Now we had a front rank of almost one hundred and twenty-five men, and every one of them had a bronze panoply — breast- and backplate or scale armour, or at least a leather spolas, and an aspis — a few old men with Boeotian shields — greaves on every man, and good helmets, most crested Corinthians. I was pleased to look down my front rank and see how many of those helmets were my own manufacture — almost twenty. And behind them were ranks of men with good shields and good helmets, even if most of them were dog-caps of bronze.
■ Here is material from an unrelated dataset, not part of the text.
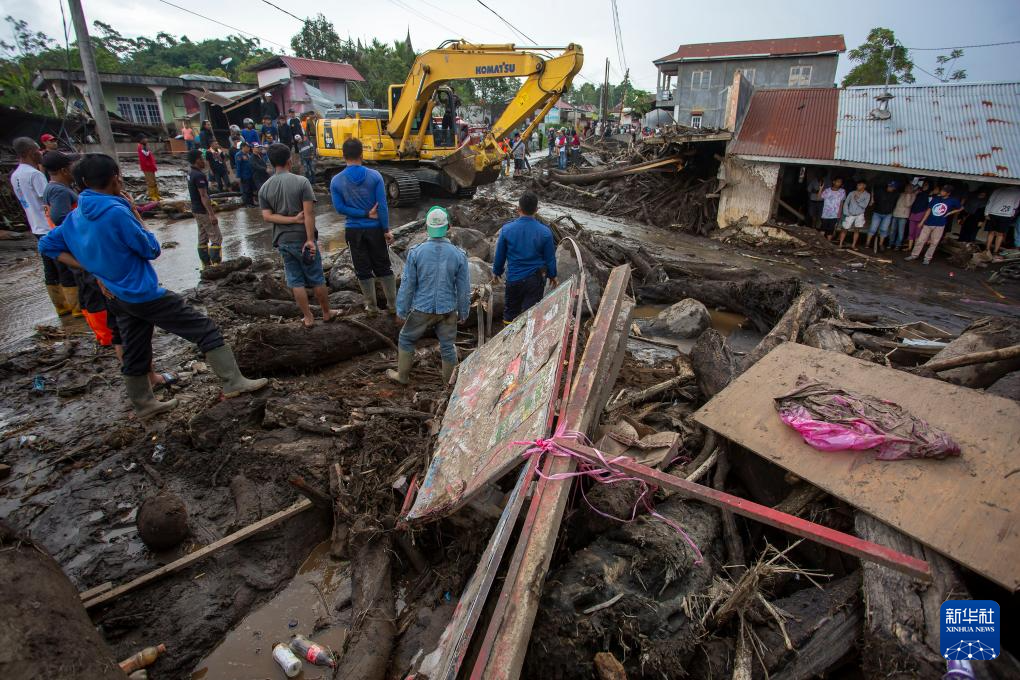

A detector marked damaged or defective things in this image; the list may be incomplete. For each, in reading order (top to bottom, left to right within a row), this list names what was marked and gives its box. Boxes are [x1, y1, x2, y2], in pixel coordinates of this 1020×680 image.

broken plank [83, 500, 310, 612]
broken plank [548, 438, 932, 580]
broken plank [692, 342, 1020, 592]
Every man in the front rank had a good spear and a sword, and most of the second-rankers, and some of the third- and fourth-rankers, as well.
The Milesians were the best equipped, with armour all the way back to the fifth rank. My brother-in-law’s men were the next best, and they would get better all autumn as I hammered out their bronze. My neighbours looked almost as good — Bion was armoured like Ares, as was Hermogenes, and Tiraeus, Idomeneus and Styges — all of us in full panoply, with thigh guards and arm guards, too.
Fi
fteen years of peace may rob a town of the fine cutting edge of war practice, but it does give a town the riches to spend on armour.
I had asked every man to have his wife make him a red cloak. I didn’t expect them to be dyed Tyrian red, like the Spartans, although a few rich men did. Most were brick red, from madder, and striped in white or black, as is our way in Plataea. But most men had done it — even those who had no armour — and with those cloaks and our new dog-caps of bronze in every rank, we made a fine show in the agora, and many women stopped to watch and older men clapped to see us.
Myron wore his armour, but he watched. I intended to put him in the fourth rank, dead centre in the phalanx — because he was too important to risk, even though he was a decent fighter and a brave man and owned good armour. He stood at the edge, swapped jokes with men, and finally came up and slapped me on my scaled back.
‘Very good, Arimnestos.’ He pointed at the three Theban heralds, who stood silently off to the side, watching as our men laughed, joked and shone.
Then I called out the epilektoi — most of them eighteen or nineteen years old, although not all, by any means. And while the phalanx sang the Paean of Apollo, we danced our Pyrrhiche.
It is one thing to dance for the war god when musicians play and men sing. It is another to dance in the full light of day, when a thousand men beat the time with their spear-butts and sing from inside their helmets, and the song rebounds from the bronze and rises like a pure offering to the war god and the Lord of the Silver Bow.
Idomeneus and I had changed our dance many times by then. It had been a simple dance that allowed men to learn their place in the ranks and not much more. Our new dance exchanged ranks, taught spear-thrusts and parries, and had men duck to the ground, leap in the air over a thrust, even fight to the rear. My young men danced with unbated weapons, and more than once a sharp spear ripped a furrow across a new-painted shield — but the rhythm went on, and as we sang of the deep-breasted nymphs who served Apollo, we stomped with our left feet and pivoted together, ducked, clashed our spears and exchanged ranks again.